An Oxford-educated lawyer, he served under President Chandrika Kumaratunga as foreign minister from 1994 to 2001 and again from 2004 until his murder.

He was a member of the minority Tamil community and a determined opponent of the Tamil Tiger separatist rebels.

Suspicion for the attack has fallen on the Tigers, for whom the 73-year-old proved a tough opponent.

Mr Kadirgamar claimed credit for having the Tigers banned in several countries, including the UK and the US.

Long conflict

A close advisor to the president, he was one of the most closely guarded ministers in the cabinet and had warned he was a potential target for the rebels.

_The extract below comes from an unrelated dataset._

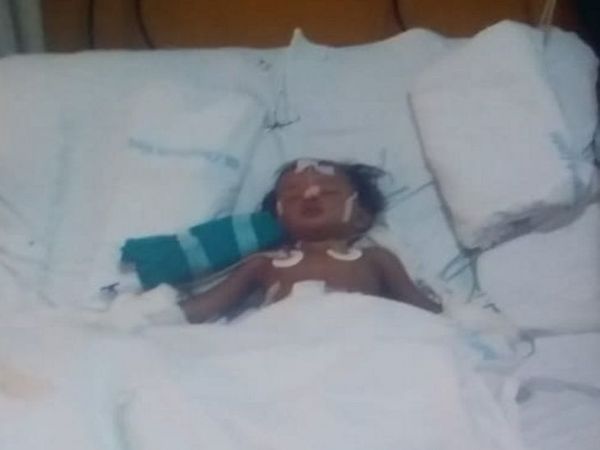 अस्पताल में 9 दिनों तक मासूम जिंदगी की जंग लड़ती रही।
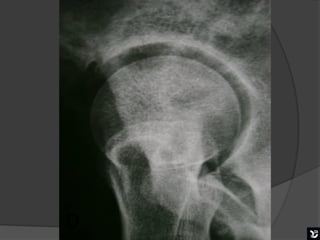 D   Boa mobilização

He was a Tamil Christian from Jaffna, the northern heartland of Tamil separatism, but was strongly opposed to the militant campaign led by the Tamil Tigers.

He was also a vocal critic of the Tigers' alleged human rights abuses, particularly the recruitment of child soldiers.

Mr Kadirgamar criticised the Norwegian-led Sri Lankan peace process, questioning whether foreigners could broker a deal with the separatists without giving too much away.

However, he maintained that the country's three-decade-long conflict must be resolved through peaceful negotiations.

Outspoken critic

Mr Kadirgamar made a bid for the top job in the Commonwealth in 2003, attempting unsuccessfully to oust New Zealand's Don McKinnon as secretary-general.

Entering politics in 1994 after practising law in Sri Lanka and London, he courted some controversy during his political career.

During his first stint as foreign minister, he told the UN to stay out of the island's conflict and concentrate on "malaria and mosquitoes".

He also called an Australian decision to boycott a cricket match in Sri Lanka in 1996 after a bomb attack a "hostile act".

He was regarded as a world expert on intellectual property law and was president of the Oxford Union in 1959.

Mr Kadirgamar leaves his wife Suganthie and two children, Ragi and Ajitha, from his marriage to his first wife, Angela.